The UK COVID-19 vaccination programme is the world's first mass immunisation campaign using vaccines developed by Pfizer and BioNTech and by the University of Oxford and AstraZeneca.
Vaccinations began in early December 2020, after the Medicines and Healthcare products Regulatory Agency (MHRA), “granted emergency authorisation to the Pfizer–BioNTech vaccine, an RNA vaccine”.
By the end of December 2020, the MHRA approved a second vaccine, Oxford–AstraZeneca's. A third vaccine, Moderna's mRNA-1273 was also later approved. As of 8 January 2021 there were four other COVID-19 vaccines on order for the programme.
Government data, shows that “1,296,432 people had received their first dose of the vaccine in the UK as of the week ending 3 January”.
Vaccination sites include GP practices, care homes and hospitals with 994 vaccination sites operating in England. Seven mass vaccination centres are also opening.
Vaccine Storage and Distribution.
The Vaccines produced contain weakened or inactive viruses or specific m RNA sequences that need to be stored at cold temperatures. If optimal temperature is not maintained, their ability to create an immune response may be affected. The advised temperature must be adhered to “keep the vaccine active, intact, and useful for a more extended period”.

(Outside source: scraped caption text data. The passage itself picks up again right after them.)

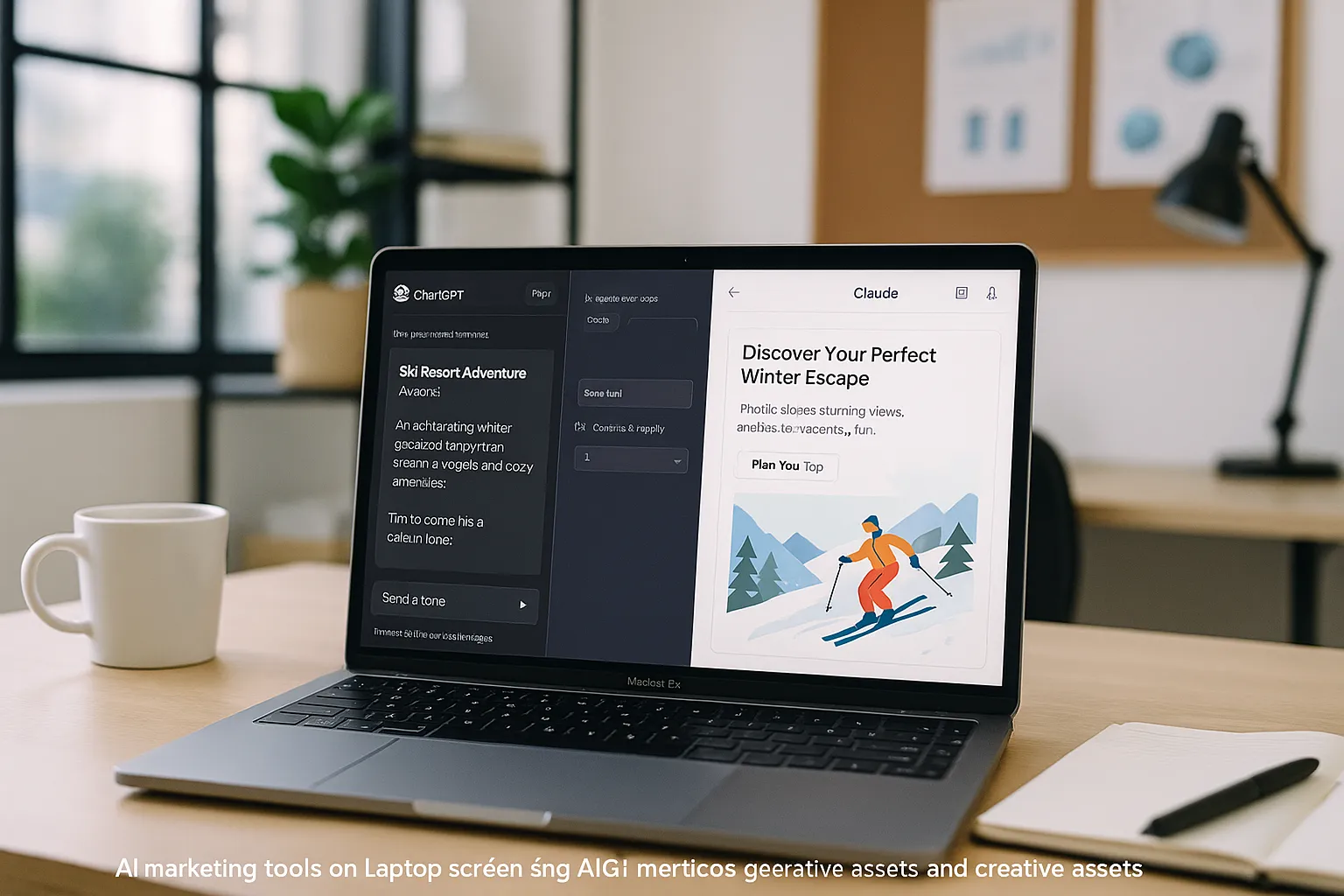 AI-powered campaign workflow for ski resort marketing showing time savings and output quality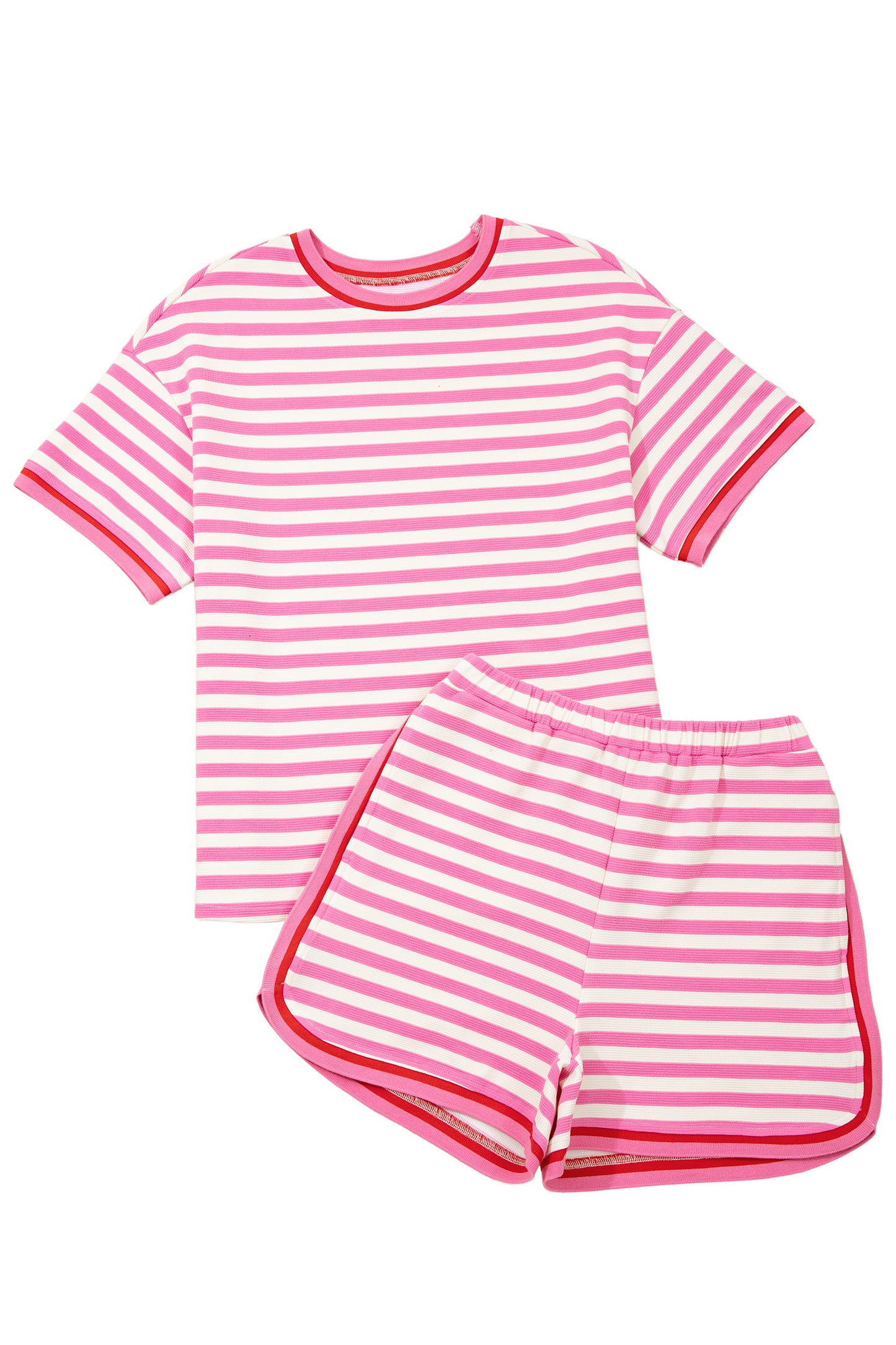 Top de manga corta con ribete en contraste de rayas rosas y shorts sueltos, conjunto casual de 2 piezas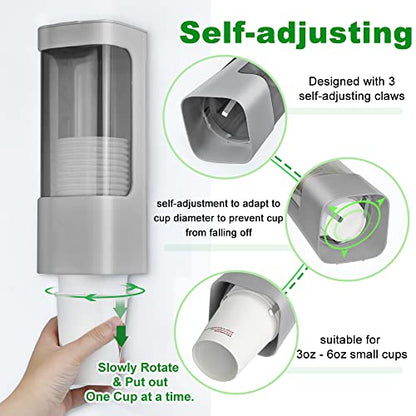 Cup Dispenser Wall Mounted Bathroom Cup Holder, 3oz-5oz Disposable Paper Cup Plastic Cup Dispenser, Water Cooler Dispenser Cup Holder with Paste Plate for Home Office Hospital Gym - color: Gray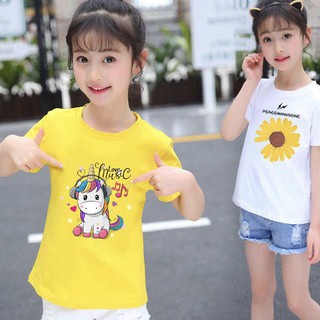 Babykidsเสื้อผ้าเด็กผู้หญิงคอกลมแขนสั้นผ้านุ่มใส่สบายคอตตอน100%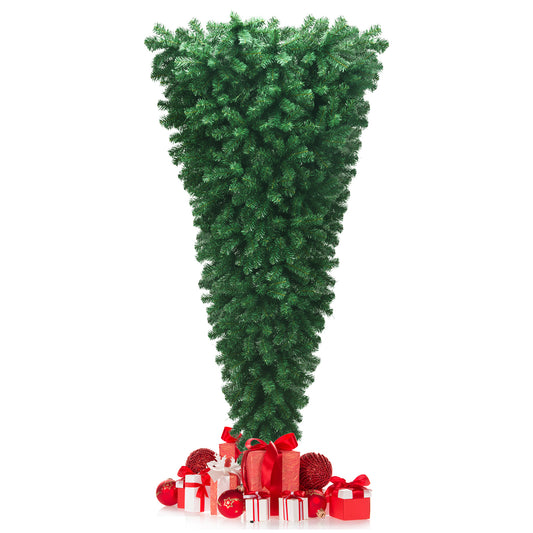 Topbuy 7ft Upside Down Christmas Tree Artificial Green Inverted PVC Tree with Metal Stand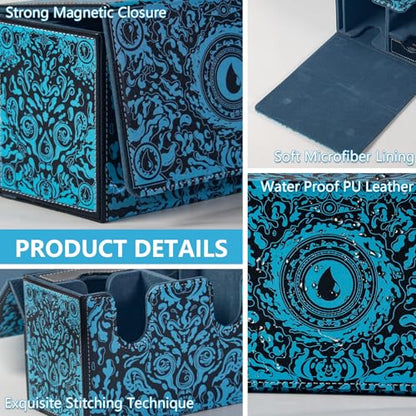 MTG Commander Deck Box with Dice Tray Card Deck Box Fits 160 Double Sleeved /200 Single Sleeved trading Cards, TCG deck box with 6 DICE 1Acrylic Dividers 1 Card Holder (Water) - color: Water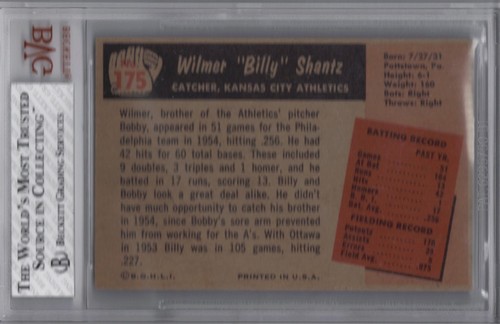 1955 BOWMAN CARD #175 WILMER "BILLY" SHANTZ Graded BVG 8 NM-MT - Picture 2 of 2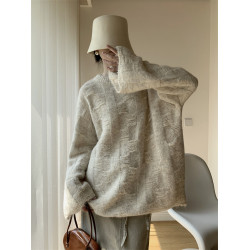 奧吻2025秋冬慵懶松弛感立體編織寬松圓領毛衣親膚破壞風針織衫女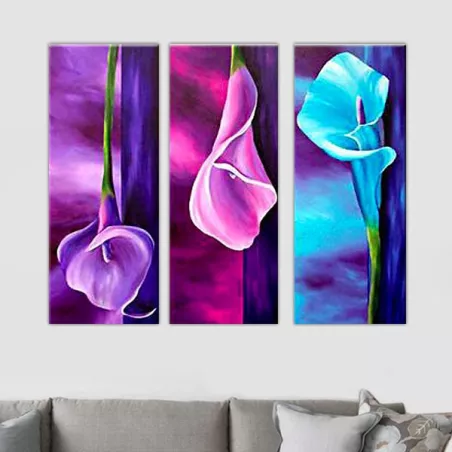 Drieluik bloem amarillen, 30x80cmx3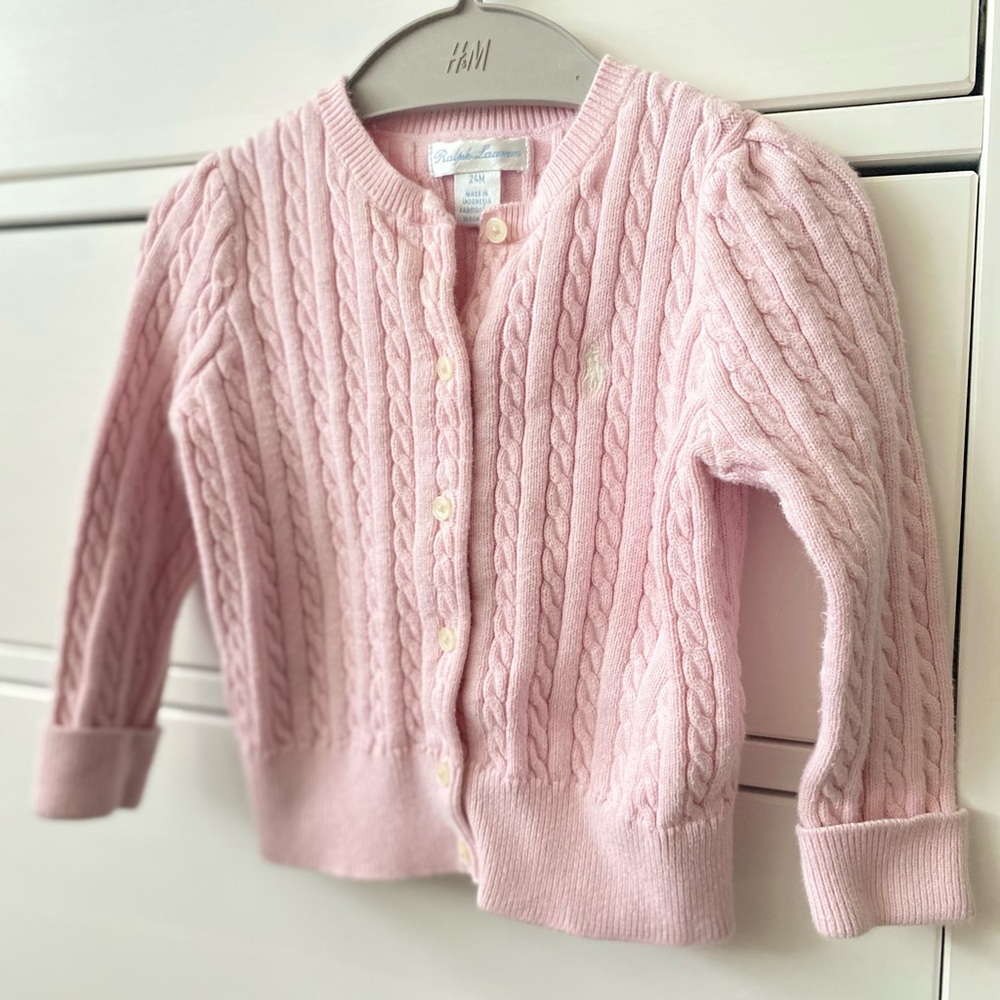 SOLD Ralph Lauren Pink Cable Knit Baby Cardigan (24 months)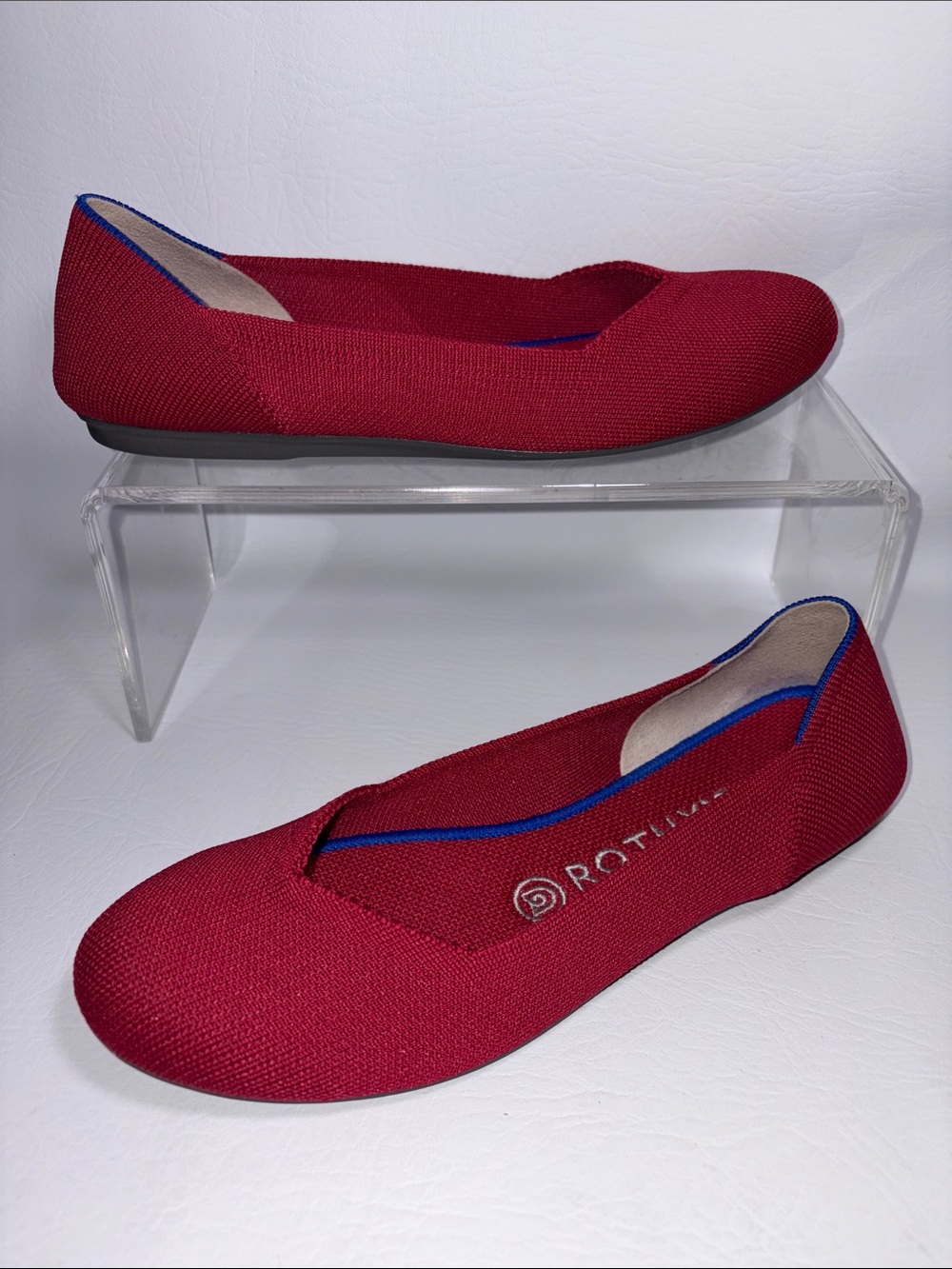 Rothy's The Flat Red Knit Round Toe Ballet Flats Size 7.5 Washable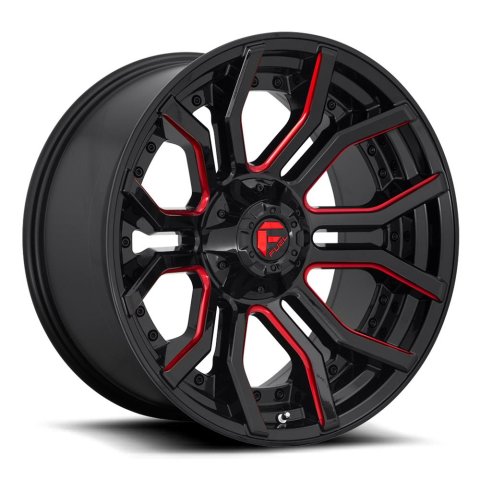 Fuel Off-Road Rage D712 Gloss Black Wheels with Candy Red Accents 22x10 RAGE 22X10 6X135/5.5 106.1 NLQ -18MM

The Pfizer and BioNtech vaccine storage requires a temperature as low as -70°C for maintaining its potency. Moderna and Sputnik needs cold storage up to -20°C. Oxford-AstraZeneca requires average fridge temperatures of -2°C to 8°C.
It is essential that temperatures of -70°C need to be maintained from manufacturing to final use. Ultra low freezers need to be used and their temperatures constantly checked…efficiently and accurately.
A Logicall Sensor.
So vital is the need for accurate and efficient temperature monitoring, it is worth spending time on how this can best be achieved.
To really get the best results, a cloud based real-time solution is essential. A sensor can be placed in any ultra low freezer or cold storage facility. It will pick up temperature data as frequently as required and send this data to a cloud system via a gateway.
If the temperature falls out of the parameter set (i.e. -68°C) an instant alert will be sent to as many users as needed. There is little chance that this breach will not be noticed; giving staff the opportunity to investigate and rectify the temperature storage problem before several doses are no longer viable and need to be destroyed.
Records detailing the exact location, time and nature of the breach are vital information that can be viewed in the form of reports and graphs. Knowing how long the freezer has been out of temperature will determine the safety and efficacy of the vaccine.
The stakes are too high; we need to make sure vaccines get to their destination safely and efficiently.